I like to remind myself to breathe, and that it’s going to be okay, and that life is good, because sometimes it feels like it’s not working out, but it will.
What do you most value in your friends?
There are different kinds of friendships. Some of my friends I’ve known for so long that I just value our closeness and that they know me so well. Other friendships I value because, when we’re together, we’re silly. I have one friend, when we’re together, we have these amazing conversations about spirituality and life, and we’re super heavy and full of heart, and it’s amazing. Then, when I’m with other friends, we feel inspired to do things.
I think that’s a hard question, but, in a person, I value honesty, openness, willingness to try new things, and kindness.
What do you think is the most overrated virtue?
Being overly polite. It doesn’t get you anywhere.
I think that being honest and real gets you way further than being polite.
I respect people who are willing to say the difficult things that will actually help people and make a difference, versus just saying what they think people want to hear.
Who do you admire and why?
I really admire my grandfather, who died when I was six months old.
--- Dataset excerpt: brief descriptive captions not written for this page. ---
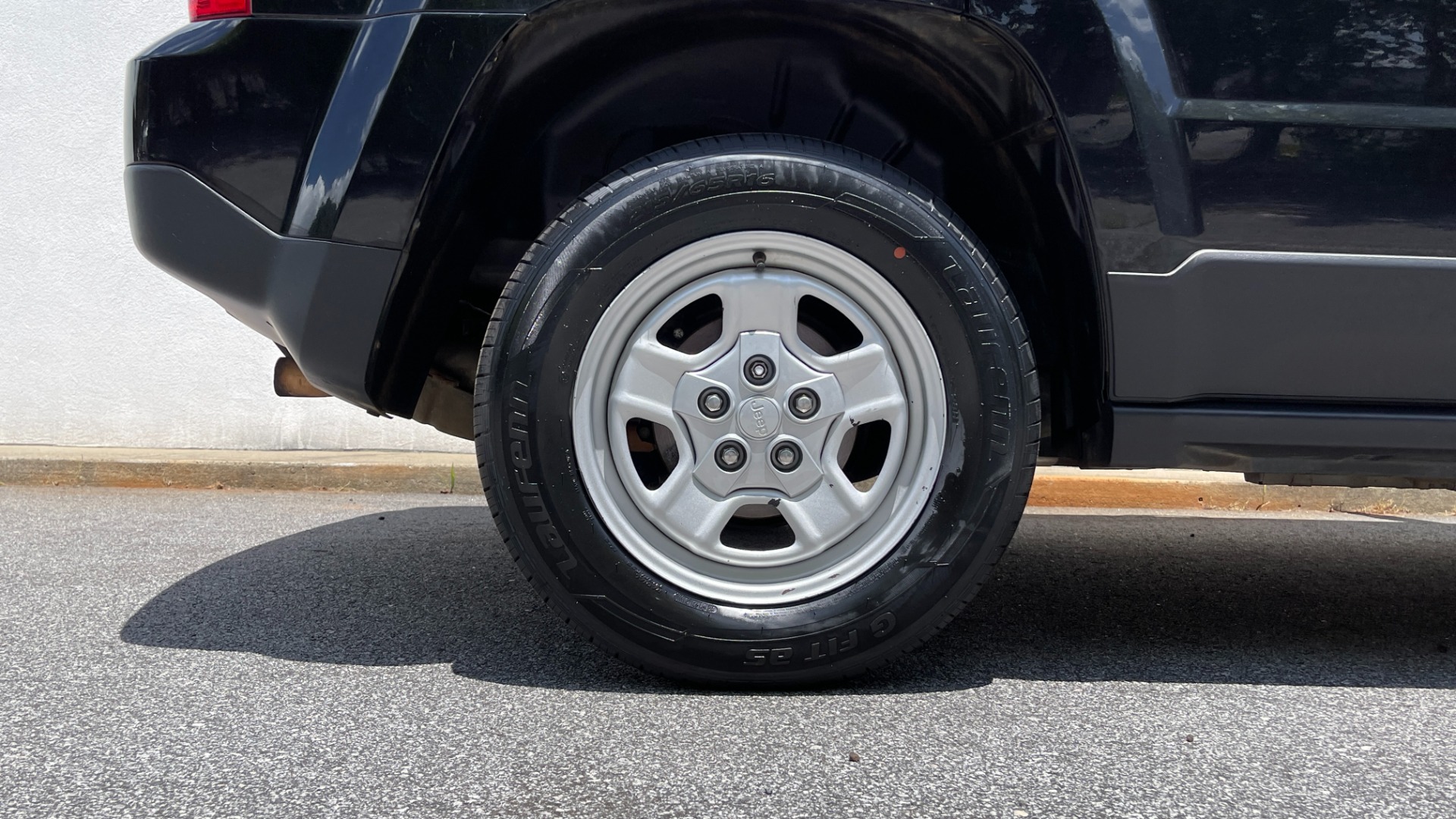 Used 2016 Jeep Patriot Sport SE / 6SPEED AUTO / POWER GROUP / CLOTH / KEYLESS ENTRY for sale Sold at Formula Imports in Charlotte NC 28227 22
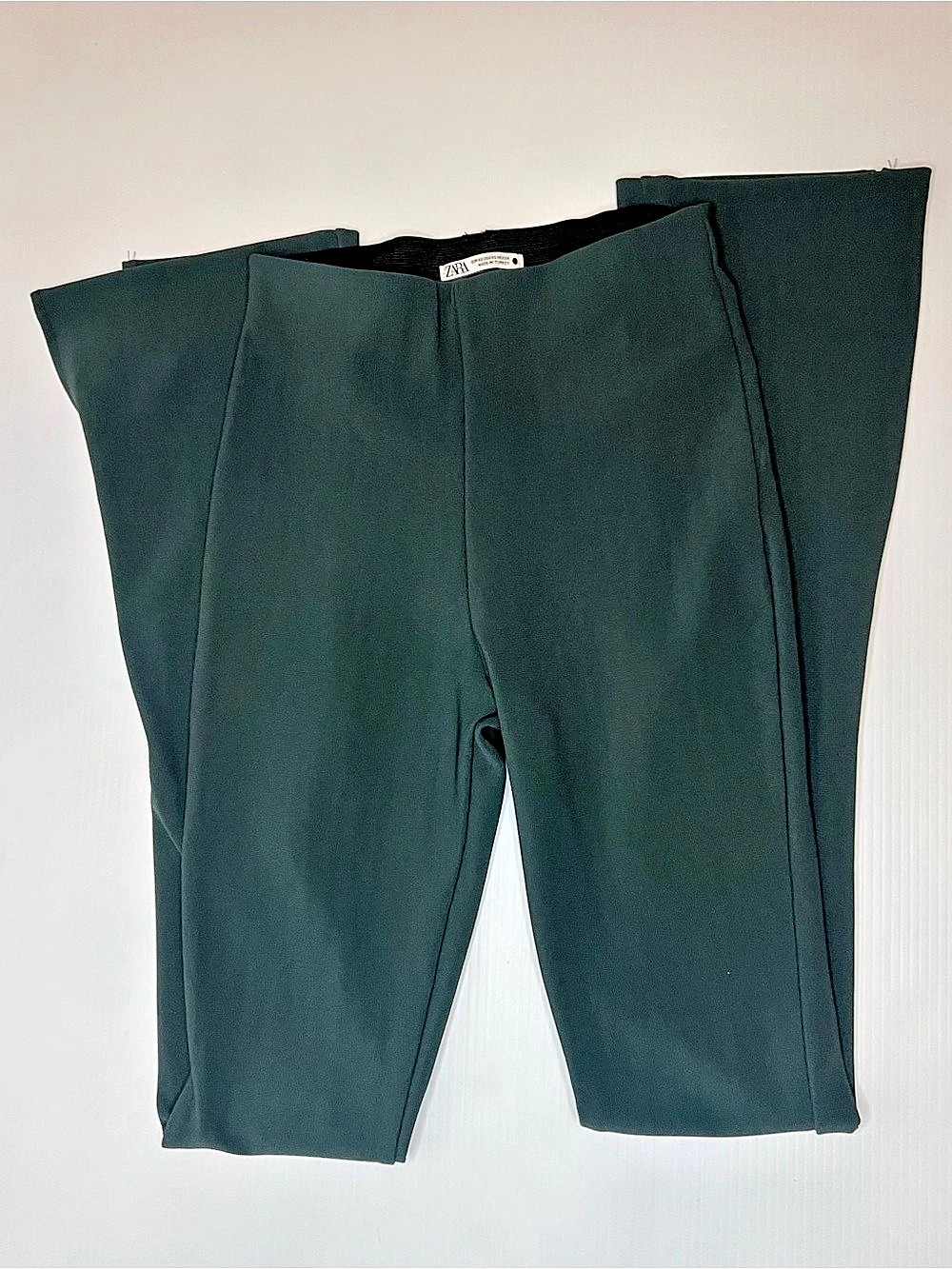 Zara Ribbed Split-Hem Leggings in Green Size XS Like New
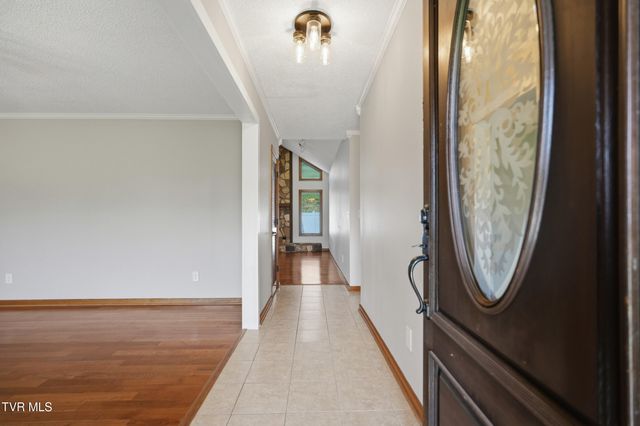 790 Fall Creek Road, Blountville, TN 37617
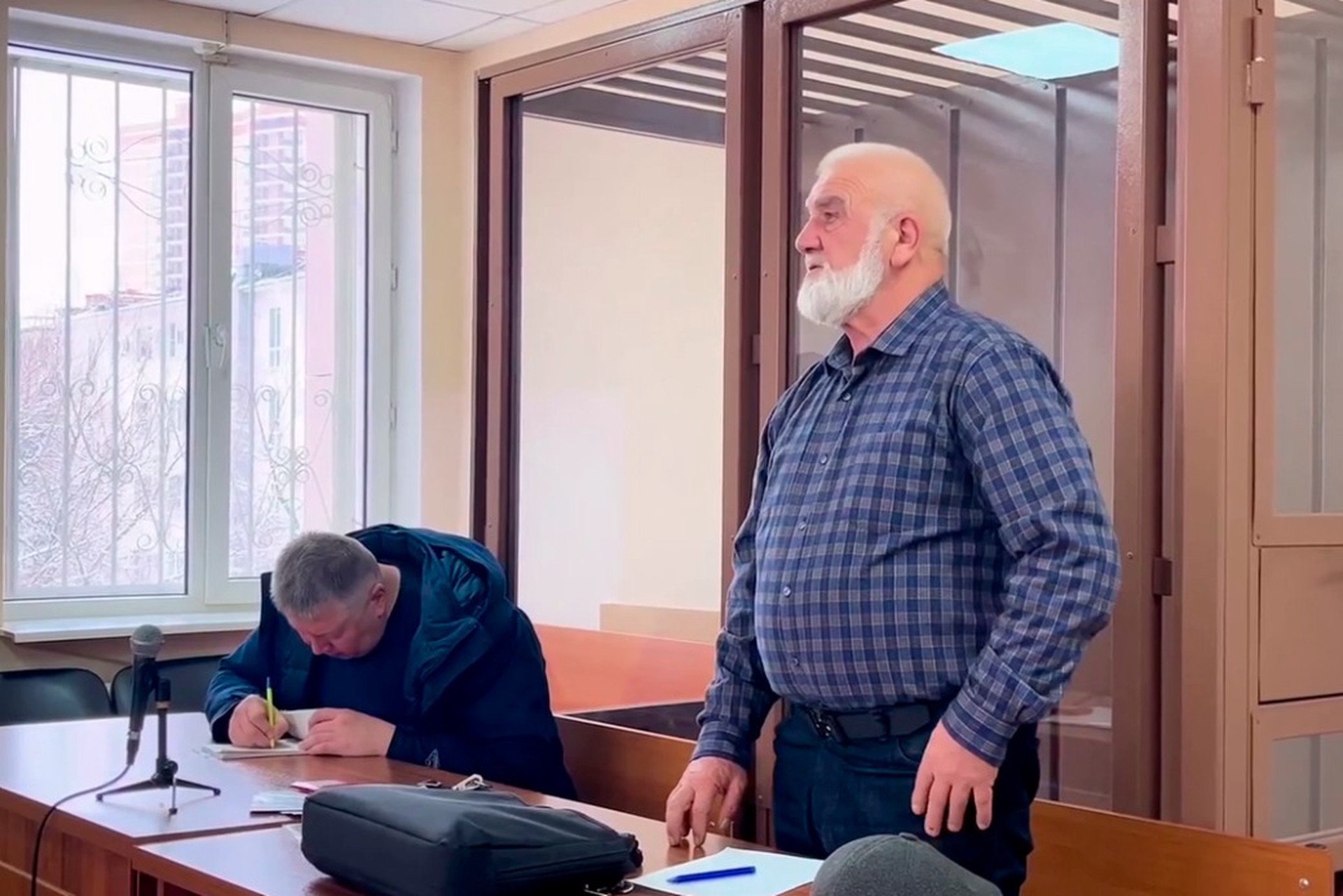 «Это свиньи!»: оскорбивший русских учитель получил наказание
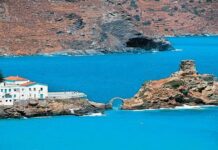 Η «Μικρά Αγγλία» της Ελλάδας: Το καταπράσινο νησί με την εξωτική ομορφιά που ύμνησε ο Εμπειρίκος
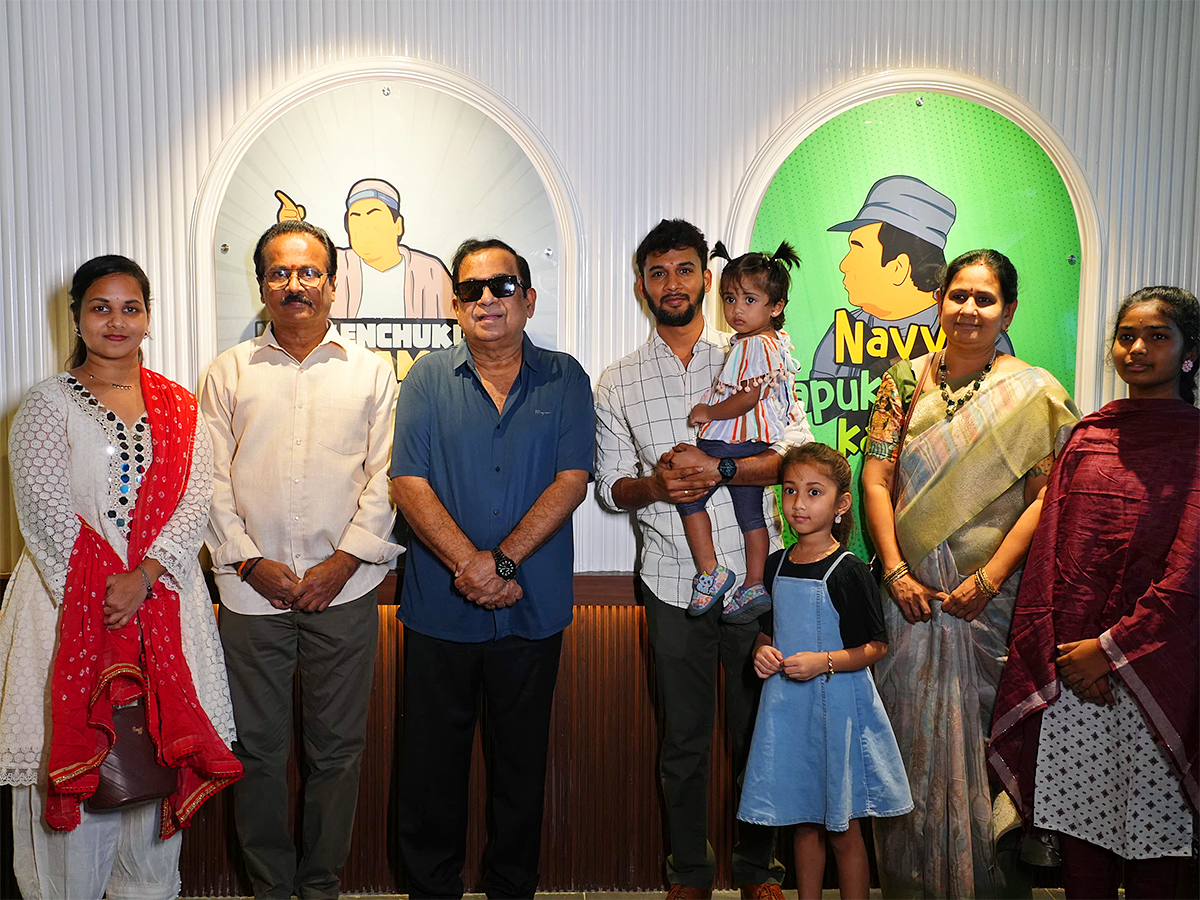 Padma_20Shri_20Brahmanandam_20Inaugurated_20Hotel_20Aho_12.jpg 11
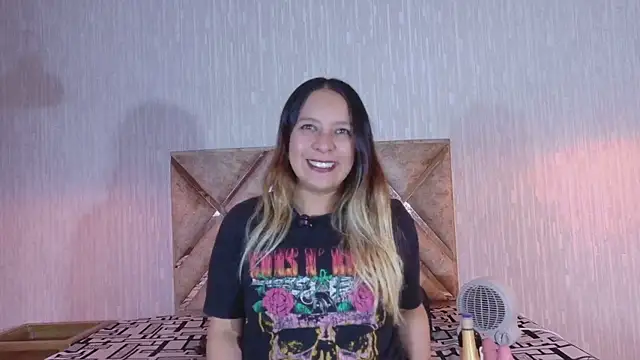 sami 1 8 online show from 06-15-26, 04:17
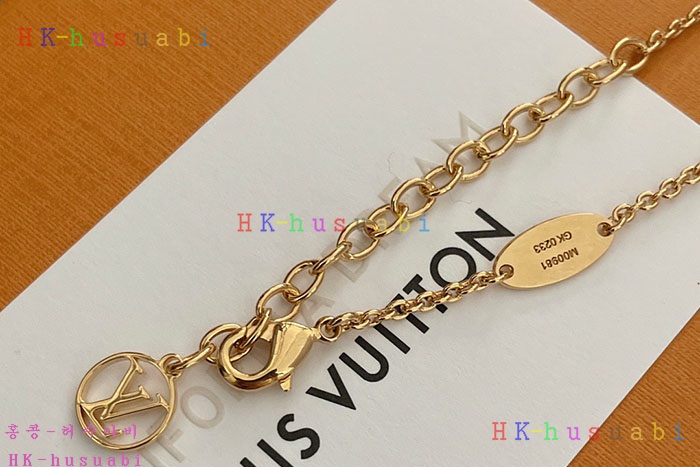 NEW  루이비통 목걸이 신상 LV 827562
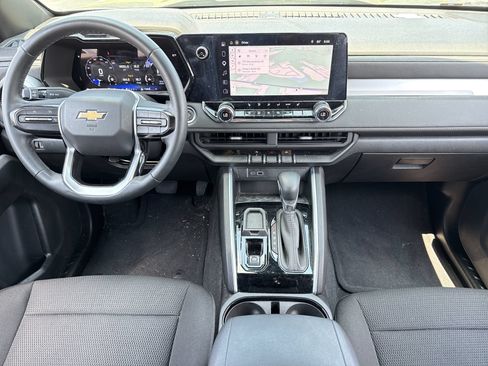 Used 2025 Chevrolet Colorado LT RWD image 2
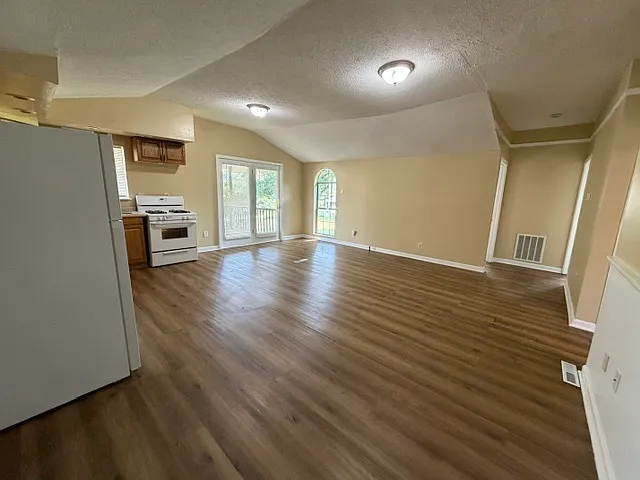 2238R Chestnut St — Photo 2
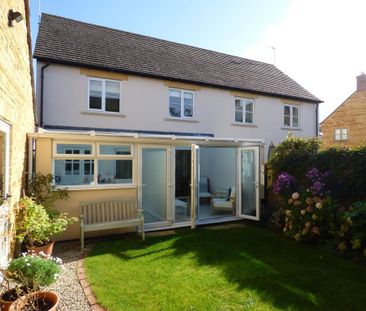 3 bedroom semi-detached house to rent - Photo 5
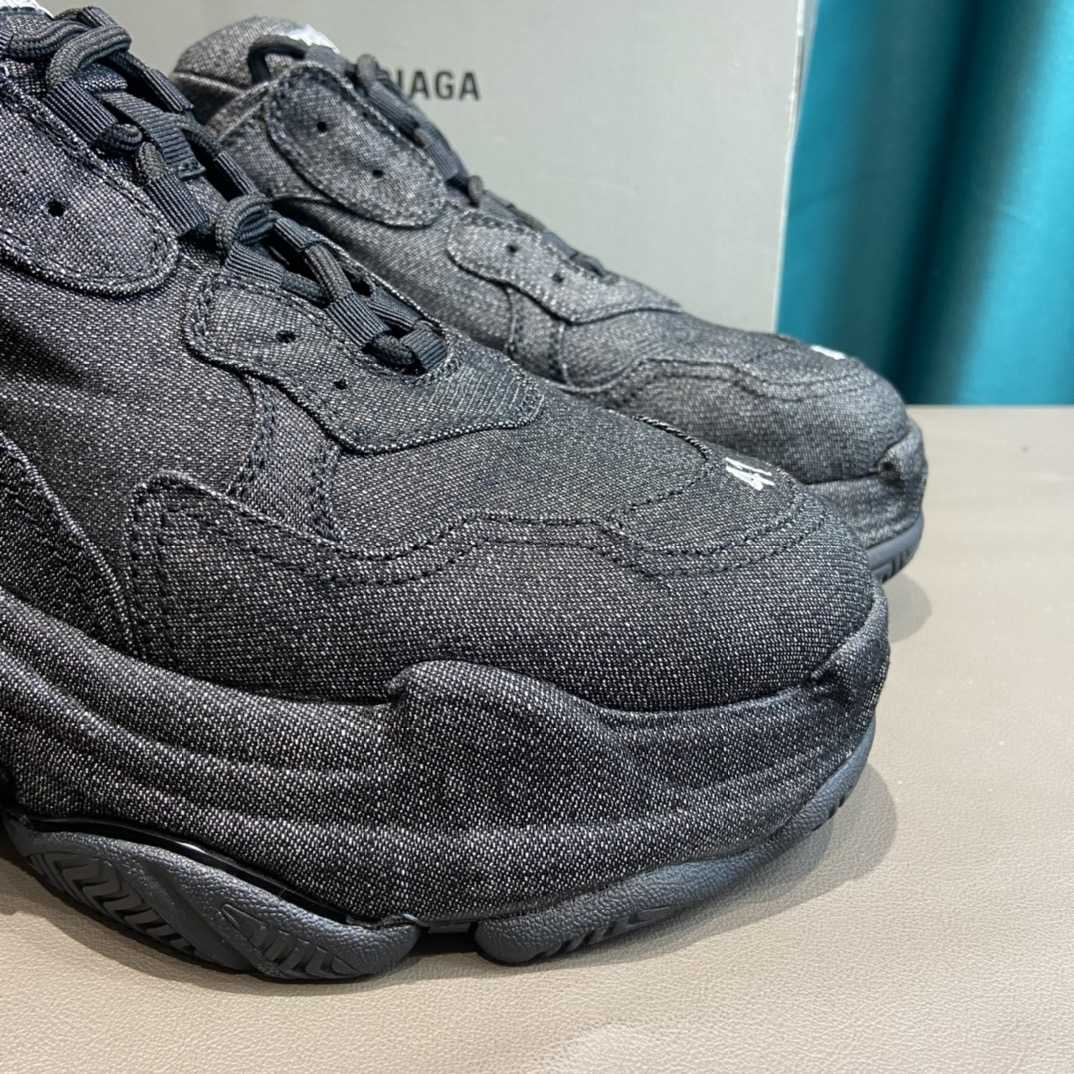 Balenciaga Triple S Sneaker  - FashionPlug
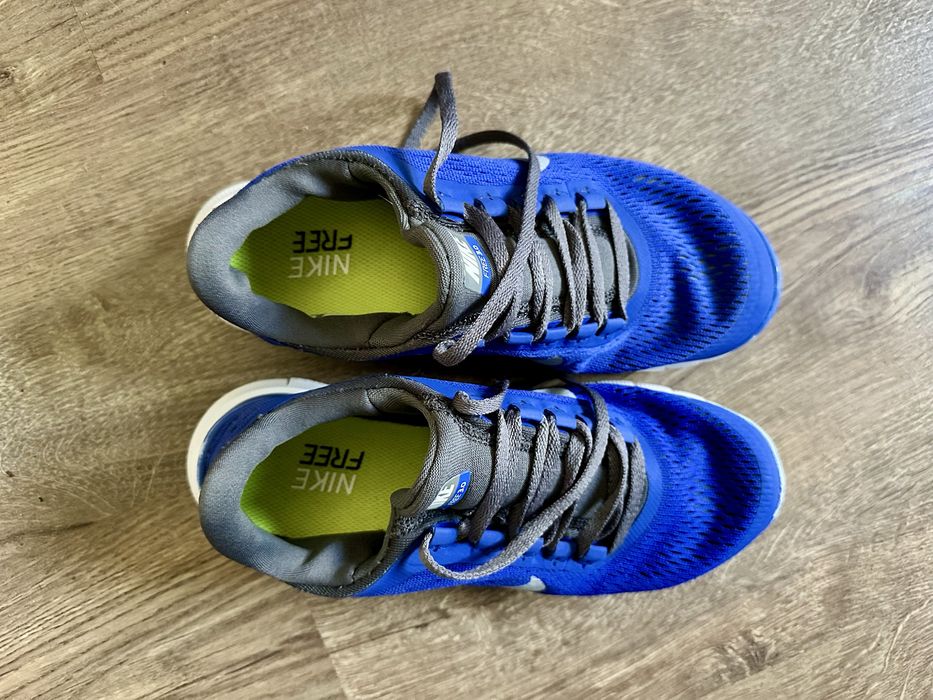 Маратонки Nike 38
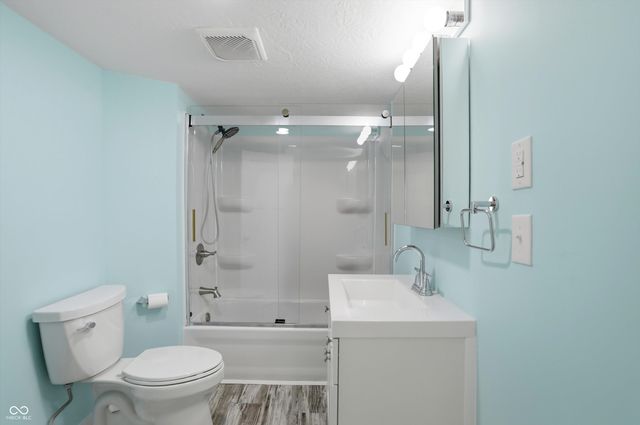 104 S Broad Street, Mooreland, IN 47360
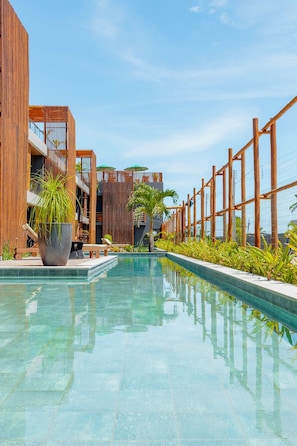 3 piscinas externas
I would love to have dinner with him. He was an alcoholic, and I think he made a lot of bad decisions in his life, and he wasn’t always the best dad, but he was such a true artist, and so creative, and he didn’t give a shit what anybody thought.
My mom and my aunt got in trouble one day because their skirts were too short. My grandfather came in to get them barefoot and the principal looked at him and looked at his feet, then looked back up at him, and my grandfather said, “Do you have problem?” and walked out. He was an interior designer and he made crazy things and was an amazing artist.
What’s your favorite place on earth?
It’s kind of like a mini Brooklyn on the beach. The food is incredible, the people are beautiful, I love Israel, and it’s my ideal aesthetic. It’s kind of this crumbling, old, but beautiful city, flowers blooming and crazy characters on every corner. Cactuses growing out of the side of the street. It’s very colorful. Everybody there feels very alive.
I have a connection to the land and the people, and it’s nice to be in place where you know everyone’s Jewish.
It feels weird to say that, because everyone’s human, but, even if they’re Israeli and they grew up different from me, there’s something about it that feels good.
Favorite Jewish holiday? Least favorite Jewish holiday?
My favorite Jewish holiday is Shabbat. I love Shabbat. I don’t have a least favorite Jewish holiday.
Favorite Jewish food? Least favorite Jewish food?
Least favorite is challah because it’s delicious but it kills me. I can’t function after I eat it.
My favorite is matzo ball soup. I love matzo ball soup. Big, yummy, soft, fluffy matzo balls. I heard once that adding soda water to your matzo balls makes them even fluffier, and light, and delicious. That’s my go-to sick food. I could eat it once a week.